Discuss whether you think this function is useful for you and your work. Is it the best thing since sliced bread, or is it not really relevant to your work?

Benefits of crossing()

I think the function can be useful if you want to see a combination of a few columns of data, such as I did for the Star Wars data set above. In this case, crossing() is most useful for searching for an entry of data or a unique combination.
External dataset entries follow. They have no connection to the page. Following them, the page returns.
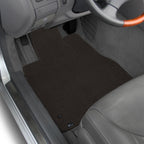 Car interior with a set of brown floor mats.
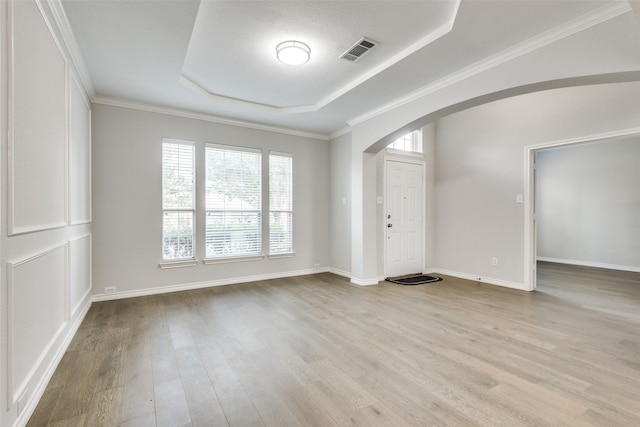 empty room featuring a raised ceiling, light hardwood / wood-style floors, and a textured ceiling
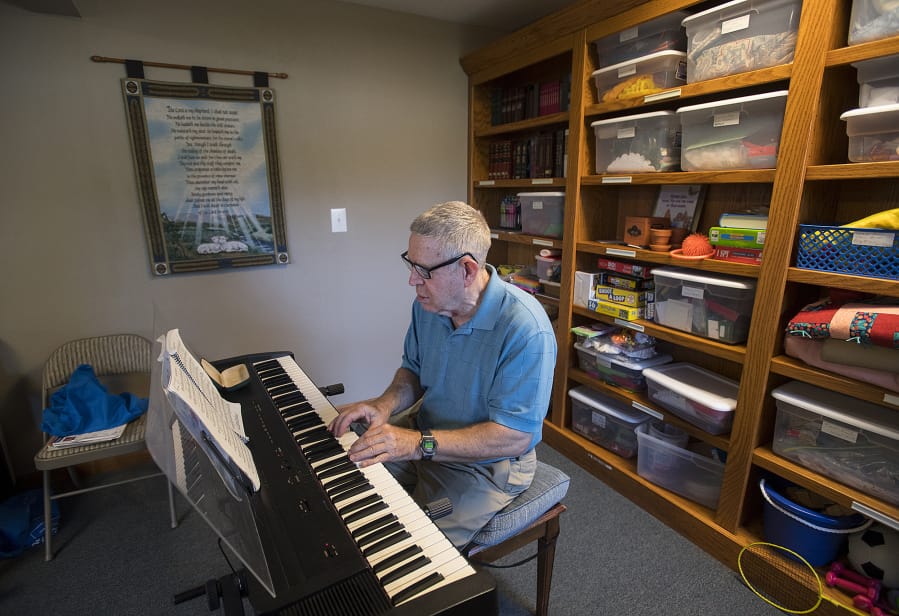 Franck Geuder, an organist at St. John Lutheran Church, shares a song with the group at Graceful Living Activity Center in August. Geuder and his wife, Beverly Hohman, were in Hawaii on Saturday when a false missile alert was announced.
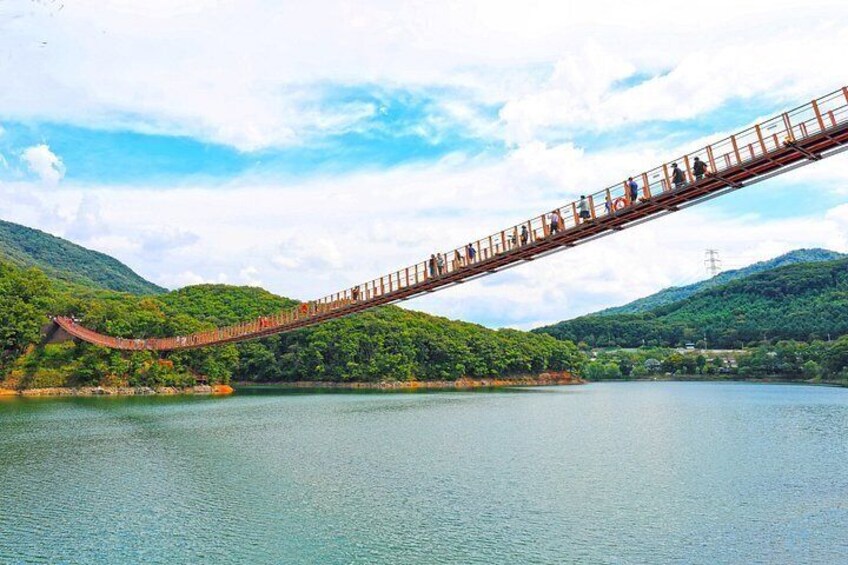 A long pedestrian bridge over a river, surrounded by lush green hills. 1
crossing() can be used to preliminary analyse data and in conjunction of other models to determine what combinations of variables exist in the data set and/or are missing from the data set.

Downside of crossing()

However, trying to see if there is enough gender and skin color representation by species in Star Wars, crossing() is not the most beneficial. For this purpose the group_by() and summarize() functions would be preferable.
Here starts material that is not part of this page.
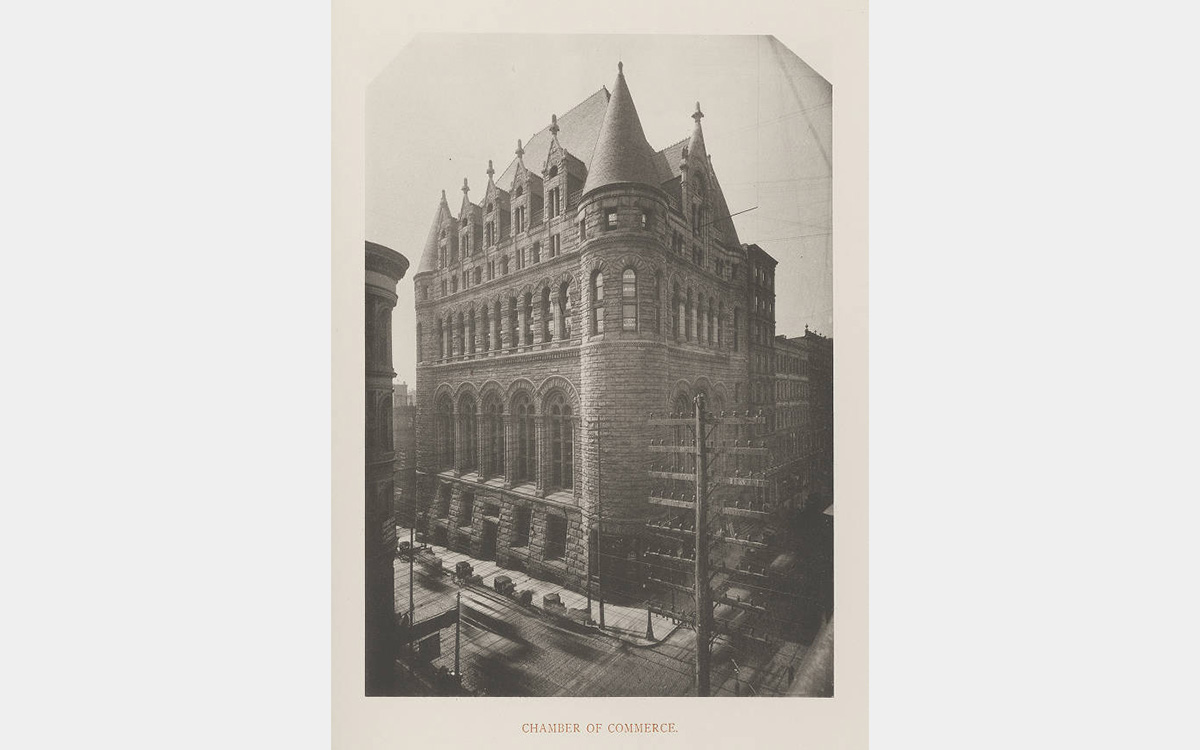 Black and white photo of castle-like stone building in an urban setting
kable(starwars %>% group_by(species, skin_color, gender) %>% summarise(count = n()))
species skin_color gender count
Aleena grey, blue male 1
Besalisk brown male 1
Cerean pale male 1
Chagrian blue male 1
Clawdite fair, green, yellow female 1
Droid gold NA 1
Droid metal none 1
Droid none none 1
Droid white, blue NA 1
Droid white, red NA 1
Dug grey, red male 1
Ewok brown male 1
Geonosian green male 1
Gungan green male 1
Gungan grey male 1
Gungan orange male 1
Human dark male 4
Human fair female 3
Human fair male 13
Human light female 6
Human light male 5
Human pale male 1
Human tan male 2
Human white male 1
Hutt green-tan, brown hermaphrodite 1
Iktotchi pale male 1
Kaleesh brown, white male 1
Kaminoan grey female 1
Kaminoan grey male 1
Kel Dor orange male 1
Mirialan yellow female 2
Mon Calamari brown mottle male 1
Muun grey male 1
Nautolan green male 1
Neimodian mottled green male 1
Pau’an grey male 1
Quermian white male 1
Rodian green male 1
Skakoan green, grey male 1
Sullustan grey male 1
Tholothian dark female 1
Togruta red, blue, white female 1
Toong grey, green, yellow male 1
Toydarian blue, grey male 1
Trandoshan green male 1
Twi’lek blue female 1
Twi’lek pale male 1
Vulptereen blue, grey male 1
Wookiee brown male 1
Wookiee unknown male 1
Xexto white, blue male 1
Yoda’s species green male 1
Zabrak brown male 1
Zabrak red male 1
NA dark male 1
NA fair male 1
NA pale female 1
NA silver, red female 1
NA unknown female 1

Using the group_by() and summarise() functions shows that there are quite a bit more male characters for each species than there are female characters. If the goal of analyzing the data is for statistical applications, it would likely be more useful to have numerical values attached to the grouped variables.